WAINGAPU, iNewsSumba.id – Desakan keras untuk menghentikan aktivitas tambang emas di selatan Sumba Timur mengemuka dalam Deklarasi Hari Keadilan Ekologis Sedunia, Sabtu (20/9/2025). Suara itu disampaikan langsung oleh aktivis lingkungan di hadapan Ketua DPD RI, Sultan B. Najamudin yang hadir bersama Angelo Wake Kako dan 3 anggota DPD lainnya.
Deni Karanggu Limu dari Koppesda menyampaikan bahwa wilayah yang kini jadi sasaran tambang merupakan jantung kehidupan masyarakat. Ia menilai pertambangan hanya akan mendatangkan kerusakan serius pada sumber air dan ruang hidup masyarakat adat.
“Ini yang paling penting, kami mohon dengan sangat tidak boleh ada pertambangan dalam bentuk apa pun di Pulau Sumba. Entah namanya tambang rakyat atau modern,” kata Deni tegas.
Menurutnya, sumber tangkapan air terbesar untuk Kota Waingapu berada di kawasan yang kini mulai digarap. Bila rusak, maka ancaman krisis air bersih tidak bisa dihindari. “Kalau sampai dirusak oleh pertambangan, selesailah kami,” ucapnya.

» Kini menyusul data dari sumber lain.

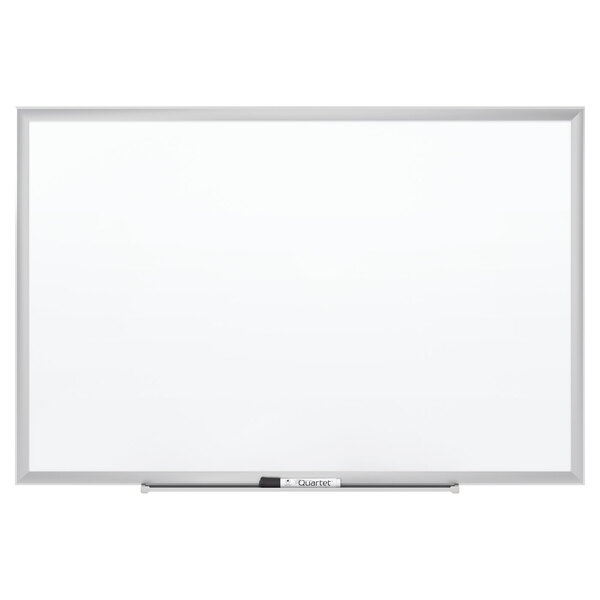 A Quartet white board with a silver frame.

Ia menambahkan, tambang rakyat justru lebih rawan karena tidak terpantau dengan baik. Kerusakan tanah, air, hingga potensi konflik horizontal bisa terjadi sewaktu-waktu. Karena itu, ia meminta pemerintah provinsi yang berwenang memberi izin untuk menutup pintu rapat-rapat.

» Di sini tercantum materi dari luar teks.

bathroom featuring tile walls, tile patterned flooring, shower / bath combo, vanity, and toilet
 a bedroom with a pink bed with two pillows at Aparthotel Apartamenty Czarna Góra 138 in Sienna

“Mohon disampaikan ke Gubernur karena yang punya kewenangan berikan izin adalah provinsi. Kalau dipaksakan kami yakin akan ada konflik horizontal,” jelas Deni.
Aksi penolakan itu kemudian berlanjut dalam peresmian Tugu Hari Keadilan Ekologis Sedunia di Taman Sandalwood. Aktivis membawa poster yang menegaskan sikap mereka: “NTT = Nusa Tanpa Tambang” dan “Nelayan, Tani, Ternak, Tolak Tambang di Sumba Timur”.
Selain itu, ribuan warga turut meramaikan karnaval budaya dan lingkungan sejauh dua kilometer. Dari Taman Sandalwood hingga Lapangan Pahlawan, teriakan penolakan tambang terus terdengar. Warga lintas usia menyuarakan keinginan sama: Sumba harus tetap hijau tanpa tambang.
Gerakan sosial ini menunjukkan bahwa penolakan tambang bukan hanya suara segelintir orang. Sebaliknya, ia sudah menjadi sikap kolektif masyarakat Sumba Timur yang khawatir akan kehilangan tanah dan air mereka.
Kehadiran Ketua DPD RI menjadi saksi bahwa masyarakat telah mengungkapkan keresahannya secara langsung. Publik kini menanti bagaimana sikap pemerintah pusat dan provinsi merespons tuntutan itu.